Dasy vorrebbe cantare le canzoni di Janis Joplin e non quelle cupi e tristi composte e imposte loro dal padre. Visto che i soldi guadagnati, e necessari per l’operazione, Peppe se li è giocati e che neanche un prete vuole aiutarle, le gemelle in fuga cercano l’aiuto di Marco Ferreri, che le invita sul suo yacht, un’altra isola di eccezionalità nel mare inquinato davanti a Castel Volturno. Lì Viola e Daisy si troveranno in un mondo ancora più sorprendente di quello a cui sono abituate, un mondo di nani e ballerine, di donne-scimmia e variopinte prostitute.
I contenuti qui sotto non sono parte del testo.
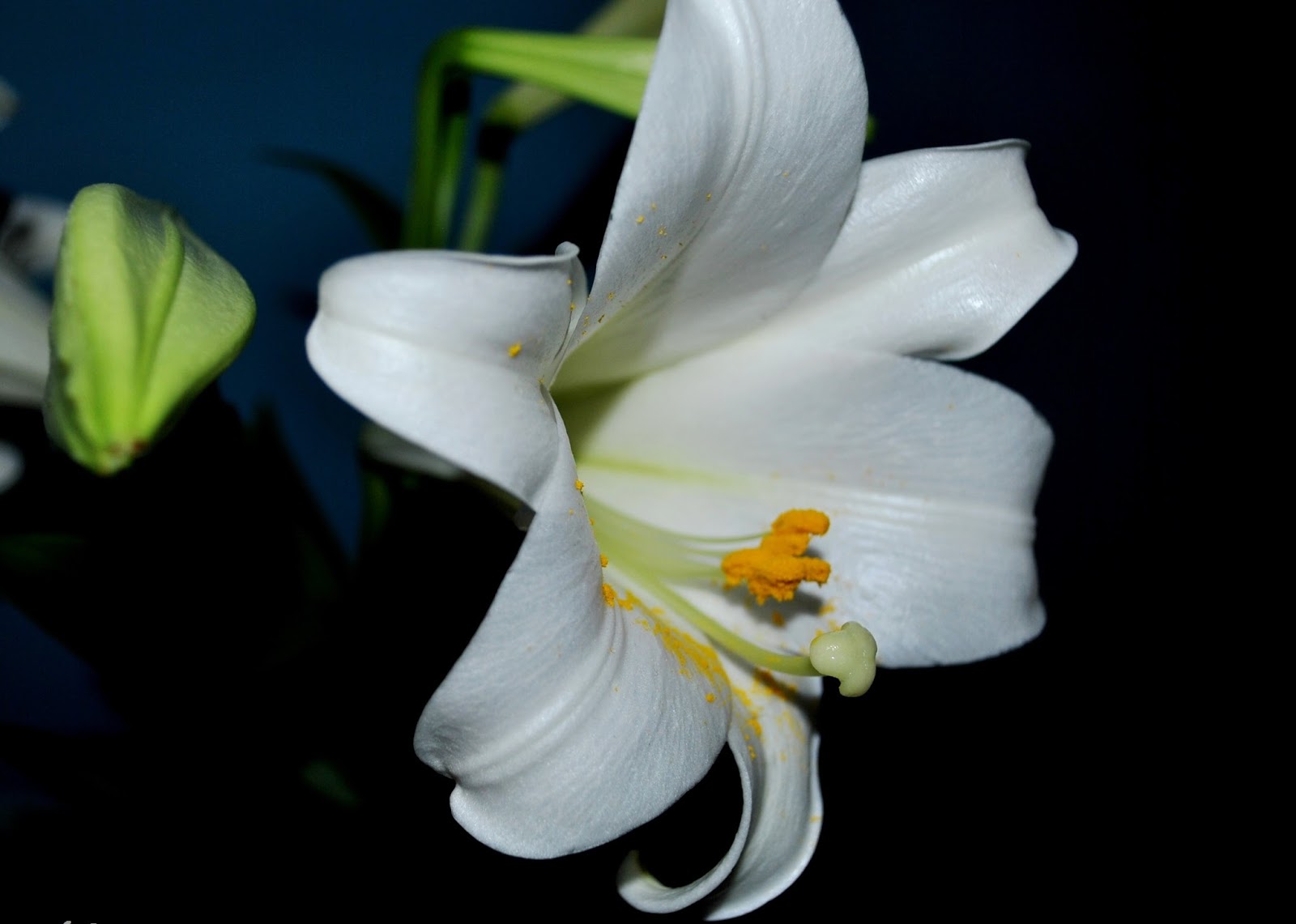 [Image: Cong-dung-chua-benh-cua-cay-hoa-bach-hop-5.jpg]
Lì troveranno, forse, i soldi per l’operazione, ma dovranno scegliere se sono disposte a tutto, anche all’estremo sacrificio, pur di conquistare quella libertà che gli altri non vogliono concedergli. 

Indivisibili è questo: un film che racconta l’avventurosa conquista della normalità, non dell’eccezionalità, che ossessiona la nostra civiltà, da parte di due aliene che in realtà sono più normali di tutti, come dice Titti, la madre, a Peppe, il quale dubita che possano cavarsela da sole (“Chelle so doje handicappate ma che ponn fa?“) “Peppi’ chelle so cchiu normal’ e me e te! “. In uno dei dialoghi più emozionanti del film, e forse del cinema italiano degli ultimi anni, quando Viola manifesta le sua paura di separarsi dalla sorella (“Ma sta gabbia, comm’ a chiamm tu, simm nuje, simm nate accussì“), Dasy sintetizza mirabilmente questa voglia di normalità (“E cert’ ca teng’ paura, mic’ so scem! Però je m’a sent che vogl’ rischia’. Penso che ne vale a’ pena pecché voglio viaggia’, vogl’ ire a balla’ vogl’… nu cellulare! me voglio bere na’ butteglia e’ vino senz’ ‘a paura ca po’ t’mbriac pure tu… vogl’ fa ammore. Vogl’ fa ‘ammore pecché so femmena e vogl’ fa ‘ammore”).

È una favola dura, un viaggio avventuroso e faticoso per la conquista della libertà, una metafora azzeccata, a ben pensarci, della condizione umana. È un film colto e ricco di citazioni evidenti o meno (i nomi delle protagoniste sono un omaggio alle due gemelle siamesi Violet e Daisy Hilton, interpreti del famosissimo film Freaks di Tod Browning del 1932), ma anche popolare, pieno di musica (di Enzo Avitabile) e le canzoni non sono affatto cupe e tristi, anzi. 

Le due gemelle Fontana, per la prima volta sullo schermo, sono due attrici nate, incredibili nei loro duetti e nel sopportare un trucco che le costringe a essere unite per quasi tutta la durata del film. Premio Fedic e Pasinetti all’ultima Mostra di Venezia, Indivisibili avrebbe forse meritato più di Fuocoammare di rappresentare l’Italia nella corsa per l’Oscar 2017. Buona visione.